### What is being asked:
Retype the range from the line holding "Lorena™ | Pointed-Toe" to the last line of the listing, inclusive, exactly as it appears and with nothing else.

### Material supplied:
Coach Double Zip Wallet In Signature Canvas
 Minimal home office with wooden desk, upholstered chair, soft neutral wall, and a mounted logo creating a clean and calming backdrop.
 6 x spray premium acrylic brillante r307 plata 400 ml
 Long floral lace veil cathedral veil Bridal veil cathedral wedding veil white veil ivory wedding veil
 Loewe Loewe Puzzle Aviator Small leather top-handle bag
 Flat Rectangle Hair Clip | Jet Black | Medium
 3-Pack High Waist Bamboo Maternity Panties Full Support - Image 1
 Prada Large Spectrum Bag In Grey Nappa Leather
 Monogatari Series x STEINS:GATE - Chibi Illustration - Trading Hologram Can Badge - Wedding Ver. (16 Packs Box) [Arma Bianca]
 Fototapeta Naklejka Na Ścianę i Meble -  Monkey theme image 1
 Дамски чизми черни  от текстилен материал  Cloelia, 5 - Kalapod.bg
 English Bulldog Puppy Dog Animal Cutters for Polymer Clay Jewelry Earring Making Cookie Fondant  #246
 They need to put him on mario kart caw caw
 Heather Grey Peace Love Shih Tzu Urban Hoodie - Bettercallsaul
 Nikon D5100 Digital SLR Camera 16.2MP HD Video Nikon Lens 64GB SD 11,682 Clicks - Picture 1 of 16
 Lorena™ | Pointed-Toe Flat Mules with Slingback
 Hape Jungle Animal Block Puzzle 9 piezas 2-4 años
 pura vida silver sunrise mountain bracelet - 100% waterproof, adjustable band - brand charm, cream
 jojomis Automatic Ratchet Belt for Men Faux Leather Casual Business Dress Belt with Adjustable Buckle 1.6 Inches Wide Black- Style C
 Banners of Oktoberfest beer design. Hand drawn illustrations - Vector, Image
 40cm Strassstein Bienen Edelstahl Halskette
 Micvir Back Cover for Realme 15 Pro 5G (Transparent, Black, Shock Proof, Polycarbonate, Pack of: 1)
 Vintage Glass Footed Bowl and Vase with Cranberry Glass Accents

### Answer section:
 Lorena™ | Pointed-Toe Flat Mules with Slingback
 Hape Jungle Animal Block Puzzle 9 piezas 2-4 años
 pura vida silver sunrise mountain bracelet - 100% waterproof, adjustable band - brand charm, cream
 jojomis Automatic Ratchet Belt for Men Faux Leather Casual Business Dress Belt with Adjustable Buckle 1.6 Inches Wide Black- Style C
 Banners of Oktoberfest beer design. Hand drawn illustrations - Vector, Image
 40cm Strassstein Bienen Edelstahl Halskette
 Micvir Back Cover for Realme 15 Pro 5G (Transparent, Black, Shock Proof, Polycarbonate, Pack of: 1)
 Vintage Glass Footed Bowl and Vase with Cranberry Glass Accents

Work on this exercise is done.